- League: Nippon Professional Baseball
- Sport: Baseball

Regular season
- Season MVP: CL: Koji Yamamoto (HIR) PL: Hideji Kato (HAN)

League postseason
- CL champions: Hiroshima Toyo Carp
- CL runners-up: Chunichi Dragons
- PL champions: Hankyu Braves
- PL runners-up: Kintetsu Buffaloes

Japan Series
- Champions: Hankyu Braves
- Runners-up: Hiroshima Toyo Carp
- Finals MVP: Takashi Yamada (HAN)

NPB seasons
- ← 19741976 →

= 1975 Nippon Professional Baseball season =

The 1975 Nippon Professional Baseball season was the 26th season of operation for the league.
This would be a watershed year for the league at large with the Pacific League officially adopting the designated hitter rule, just two years following its introduction in Major League Baseball with the American League.

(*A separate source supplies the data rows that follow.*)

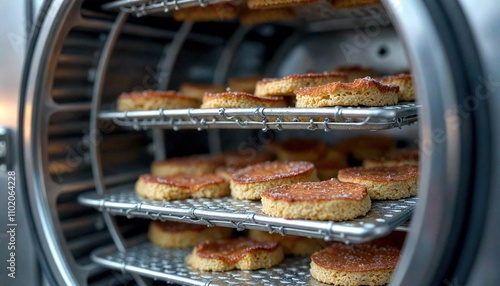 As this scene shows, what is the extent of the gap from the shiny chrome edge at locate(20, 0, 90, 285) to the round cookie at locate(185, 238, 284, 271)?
1.34 ft

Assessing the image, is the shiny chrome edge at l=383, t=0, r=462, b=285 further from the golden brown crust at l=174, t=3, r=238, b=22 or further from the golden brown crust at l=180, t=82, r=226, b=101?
the golden brown crust at l=180, t=82, r=226, b=101

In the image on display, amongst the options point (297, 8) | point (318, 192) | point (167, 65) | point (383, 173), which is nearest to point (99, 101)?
point (167, 65)

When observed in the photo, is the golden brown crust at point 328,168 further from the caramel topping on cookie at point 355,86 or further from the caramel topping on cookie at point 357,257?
the caramel topping on cookie at point 355,86

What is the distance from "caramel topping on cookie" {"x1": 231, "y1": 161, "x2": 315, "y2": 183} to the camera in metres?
1.50

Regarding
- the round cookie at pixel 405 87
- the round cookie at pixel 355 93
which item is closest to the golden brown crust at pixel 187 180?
the round cookie at pixel 355 93

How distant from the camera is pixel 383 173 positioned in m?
1.45

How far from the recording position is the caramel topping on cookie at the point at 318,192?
1214 mm

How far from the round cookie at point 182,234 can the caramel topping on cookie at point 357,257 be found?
479mm

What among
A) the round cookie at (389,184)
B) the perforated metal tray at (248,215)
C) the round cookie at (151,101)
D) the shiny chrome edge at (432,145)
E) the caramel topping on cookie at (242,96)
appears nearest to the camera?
the shiny chrome edge at (432,145)

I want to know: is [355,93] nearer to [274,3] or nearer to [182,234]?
[274,3]

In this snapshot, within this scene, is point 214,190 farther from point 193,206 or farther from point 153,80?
point 153,80

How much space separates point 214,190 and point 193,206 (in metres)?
0.14

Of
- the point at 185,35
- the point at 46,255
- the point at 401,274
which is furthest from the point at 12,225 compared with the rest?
the point at 401,274

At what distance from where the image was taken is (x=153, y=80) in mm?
2029
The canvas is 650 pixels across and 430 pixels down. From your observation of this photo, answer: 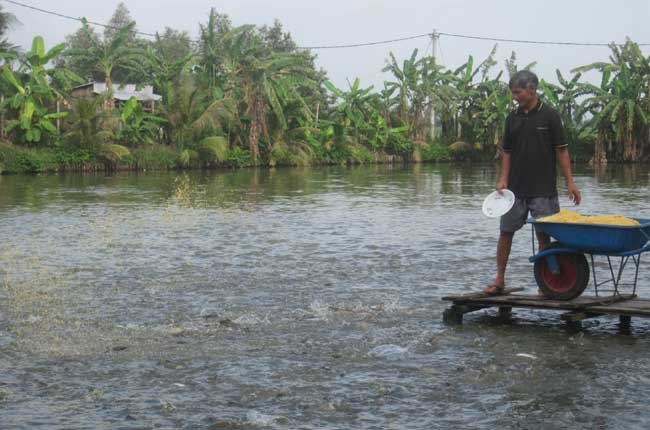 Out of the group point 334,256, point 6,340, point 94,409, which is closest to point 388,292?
point 334,256

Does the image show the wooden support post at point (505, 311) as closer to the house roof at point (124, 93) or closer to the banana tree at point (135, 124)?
the banana tree at point (135, 124)

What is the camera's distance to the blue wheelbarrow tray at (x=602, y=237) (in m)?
6.74

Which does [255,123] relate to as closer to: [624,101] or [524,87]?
[624,101]

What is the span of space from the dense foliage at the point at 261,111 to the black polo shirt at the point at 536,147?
3248 centimetres

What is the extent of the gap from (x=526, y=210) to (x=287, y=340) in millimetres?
2165

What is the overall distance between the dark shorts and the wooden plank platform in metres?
0.53

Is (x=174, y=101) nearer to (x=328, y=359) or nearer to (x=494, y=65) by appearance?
(x=494, y=65)

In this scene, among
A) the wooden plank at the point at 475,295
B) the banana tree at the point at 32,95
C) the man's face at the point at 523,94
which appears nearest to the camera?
the wooden plank at the point at 475,295

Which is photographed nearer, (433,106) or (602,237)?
(602,237)

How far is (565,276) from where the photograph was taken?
7.18 m

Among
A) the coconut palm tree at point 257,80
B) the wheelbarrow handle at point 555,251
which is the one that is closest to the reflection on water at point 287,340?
the wheelbarrow handle at point 555,251

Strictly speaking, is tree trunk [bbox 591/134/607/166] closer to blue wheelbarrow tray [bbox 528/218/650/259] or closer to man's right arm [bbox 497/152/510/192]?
man's right arm [bbox 497/152/510/192]

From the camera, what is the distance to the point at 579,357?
6.10m

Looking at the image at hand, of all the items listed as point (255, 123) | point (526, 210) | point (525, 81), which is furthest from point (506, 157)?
point (255, 123) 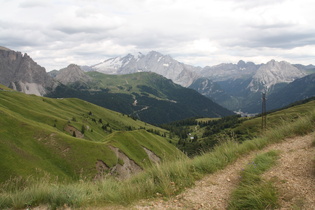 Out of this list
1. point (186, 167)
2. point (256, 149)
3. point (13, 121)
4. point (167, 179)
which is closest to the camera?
point (167, 179)

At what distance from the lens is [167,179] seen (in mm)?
11625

==Regular season standings==

===Central League===

| Central League | G | W | L | T | Pct. | GB |
|---|---|---|---|---|---|---|
| Hiroshima Toyo Carp | 130 | 72 | 47 | 11 | .605 | -- |
| Chunichi Dragons | 130 | 69 | 53 | 8 | .566 | 4.5 |
| Hanshin Tigers | 130 | 68 | 55 | 7 | .553 | 6.0 |
| Yakult Swallows | 130 | 57 | 64 | 9 | .471 | 16.0 |
| Taiyo Whales | 130 | 51 | 69 | 10 | .425 | 21.5 |
| Yomiuri Giants | 130 | 47 | 76 | 7 | .382 | 27.0 |

===Pacific League===

| Pacific League | G | W | L | T | Pct. | 1st half ranking | 2nd half ranking |
|---|---|---|---|---|---|---|---|
| Hankyu Braves | 130 | 64 | 59 | 7 | .520 | 1 | 6 |
| Kintetsu Buffaloes | 130 | 71 | 50 | 9 | .587 | 3 | 1 |
| Taiheiyo Club Lions | 130 | 58 | 62 | 10 | .483 | 2 | 4 |
| Lotte Orions | 130 | 59 | 65 | 6 | .476 | 6 | 2 |
| Nankai Hawks | 130 | 57 | 65 | 8 | .467 | 5 | 3 |
| Nippon-Ham Fighters | 130 | 55 | 63 | 12 | .466 | 4 | 4 |

==Pacific League playoff==
The Pacific League teams with the best first and second-half records met in a best-of-five playoff series to determine the league representative in the Japan Series.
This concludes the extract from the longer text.